EXERCISE OBJECTIVE → Could you output the listing that follows exactly, without its images?

STORED DATA →
__________

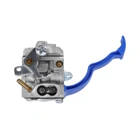 Gaźnik do dmuchaw silnikowych Husqvarna 125B 125BX 125BVX Jonsered B2126 BV2126 (OEM 545081811)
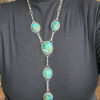 20260202_144046 Smokey Bisbee Turquoise Lariat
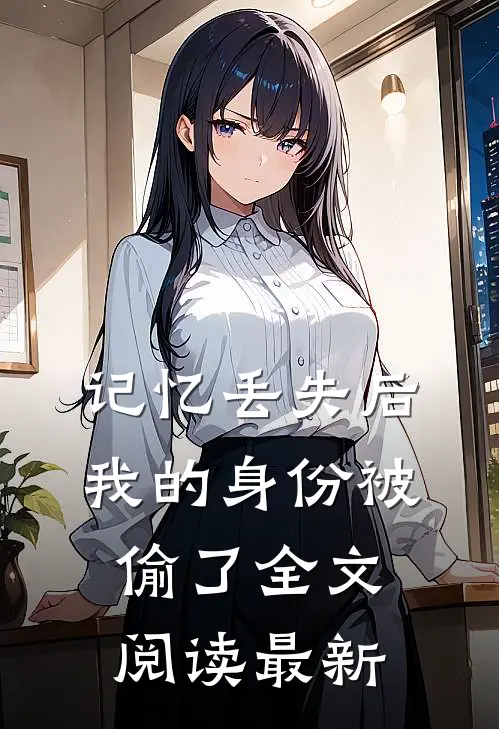 记忆丢失后，我的身份被偷了全文阅读最新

__________

ANSWER TO THIS TASK →
 Gaźnik do dmuchaw silnikowych Husqvarna 125B 125BX 125BVX Jonsered B2126 BV2126 (OEM 545081811)
 20260202_144046 Smokey Bisbee Turquoise Lariat
 记忆丢失后，我的身份被偷了全文阅读最新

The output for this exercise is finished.